Simulation of diffusion networks: rdiffnet

Authors

George G. Vega Yon

Aníbal Olivera M.

Published

June 24, 2025

Modified

June 24, 2025

Recap

Network thresholds (Valente, 1995; 1996), \(\tau\), are defined as the required proportion or number of neighbors that leads you to adopt a particular behavior (innovation), \(a=1\). So, in simulations, the adoption rule follows

\[ a_i = \left\{\begin{array}{ll} 1 &\mbox{if } \tau_i\leq E_i \\ 0 & \mbox{Otherwise} \end{array}\right. ,\qquad \text{where} \quad E_i \equiv \frac{\sum_{j\neq i}\mathbf{X}_{ij}a_j}{\sum_{j\neq i}\mathbf{X}_{ij}}. \]

Where \(E_i\) is i’s exposure to the innovation and \(\mathbf{X}\) is the adjacency matrix (the network).

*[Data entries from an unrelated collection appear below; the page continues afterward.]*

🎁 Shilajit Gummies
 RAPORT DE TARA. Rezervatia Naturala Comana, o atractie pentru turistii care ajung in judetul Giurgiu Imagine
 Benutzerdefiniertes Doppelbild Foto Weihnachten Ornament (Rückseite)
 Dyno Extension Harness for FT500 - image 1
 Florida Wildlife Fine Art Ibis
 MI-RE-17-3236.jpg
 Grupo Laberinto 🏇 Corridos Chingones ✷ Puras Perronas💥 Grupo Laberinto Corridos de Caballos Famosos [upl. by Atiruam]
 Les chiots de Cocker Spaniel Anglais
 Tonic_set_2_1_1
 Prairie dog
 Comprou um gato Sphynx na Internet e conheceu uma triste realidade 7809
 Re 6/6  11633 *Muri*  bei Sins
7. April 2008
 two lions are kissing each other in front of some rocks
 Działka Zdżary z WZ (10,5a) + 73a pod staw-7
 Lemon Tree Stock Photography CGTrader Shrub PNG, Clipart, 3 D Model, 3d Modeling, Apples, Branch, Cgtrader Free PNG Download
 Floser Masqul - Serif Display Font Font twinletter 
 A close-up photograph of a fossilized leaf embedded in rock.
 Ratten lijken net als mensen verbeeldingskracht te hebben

Here is a review of the concepts we will be using:

Exposure \(E_i\) : Proportion/number of neighbors that has adopted an innovation at each point in time.
Threshold \(\tau\) : The proportion/number of your neighbors who had adopted at or one time period before ego (the focal individual) adopted.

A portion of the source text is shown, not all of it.